Musings from a trip to Japan (I) Hatakeyama


Entrance to the Takahashi Collection

Up the stairs in an industrial building

Ritzy view from entrance of Takahashi Collection building

My reward for navigating and climbing. Complete "Slow Glass"


My first exposure to the work of Naoya Hatakeyama was at a Christies auction about two years ago. There were two prints from his "Slow Glass" series that attracted my eye and had a $4000-6000 estimate. I didn't know anything about what was behind the work. When the pair of photographs more than doubled their low estimate at the sale, I wondered who is this guy?

The next chapter in my Hatakeyama saga comes from Christopher Phillips, curator at ICP and well-known Asian photography scholar. We went through a number of Hatakeyama's books together. Christopher explained some of the underpinnings of the work, and took time to map out the inter-connectedness of of many of the series. I was hooked, but I had seen the majority of his opus only in book form.
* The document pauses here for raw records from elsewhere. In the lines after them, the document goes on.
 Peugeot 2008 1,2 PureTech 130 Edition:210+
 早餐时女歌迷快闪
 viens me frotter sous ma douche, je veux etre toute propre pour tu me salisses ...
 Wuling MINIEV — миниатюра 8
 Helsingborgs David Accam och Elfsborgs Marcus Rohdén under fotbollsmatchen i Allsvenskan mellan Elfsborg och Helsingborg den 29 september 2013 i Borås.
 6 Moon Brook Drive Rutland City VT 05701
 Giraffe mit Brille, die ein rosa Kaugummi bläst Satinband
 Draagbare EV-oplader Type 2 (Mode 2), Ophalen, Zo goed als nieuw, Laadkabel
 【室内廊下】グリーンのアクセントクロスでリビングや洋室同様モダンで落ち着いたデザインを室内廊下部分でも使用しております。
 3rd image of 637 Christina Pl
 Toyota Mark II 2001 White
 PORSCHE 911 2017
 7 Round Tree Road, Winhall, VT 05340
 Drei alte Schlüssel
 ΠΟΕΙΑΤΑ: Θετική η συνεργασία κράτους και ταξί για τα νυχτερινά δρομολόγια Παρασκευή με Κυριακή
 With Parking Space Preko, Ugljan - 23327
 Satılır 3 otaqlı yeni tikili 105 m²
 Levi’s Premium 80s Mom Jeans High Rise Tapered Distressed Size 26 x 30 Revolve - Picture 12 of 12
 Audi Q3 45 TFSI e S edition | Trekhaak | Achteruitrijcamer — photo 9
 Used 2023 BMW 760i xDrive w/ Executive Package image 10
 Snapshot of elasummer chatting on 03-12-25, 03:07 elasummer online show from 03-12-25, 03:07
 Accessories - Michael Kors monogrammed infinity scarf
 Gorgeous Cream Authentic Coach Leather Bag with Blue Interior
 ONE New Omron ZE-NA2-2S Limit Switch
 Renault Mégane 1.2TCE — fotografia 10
Fast forward to a trip I took last month with ICP led by Christopher. I had the opportunity to see much of Mr. Hatakeyama's work first-hand. The photographs did not disappoint. What a marvelous, complex, and varied artist this man is. And combined with that, the physical reality of the prints is sumptuous and luxurious to the eye; something the books only hint at.

My first view of Hatakeyama on the trip was at the Obiyashi Collection. This is a private collection compiled by the owner of an international construction firm. He commissioned Tadao Ando to build a guest house/private museum space in a quiet, upscale residential neighborhood in Tokyo. When we were there, the installation was 100% Hatakeyama. The extra treat was that Hatakeyama-san was there to meet us and to talk a bit about his work.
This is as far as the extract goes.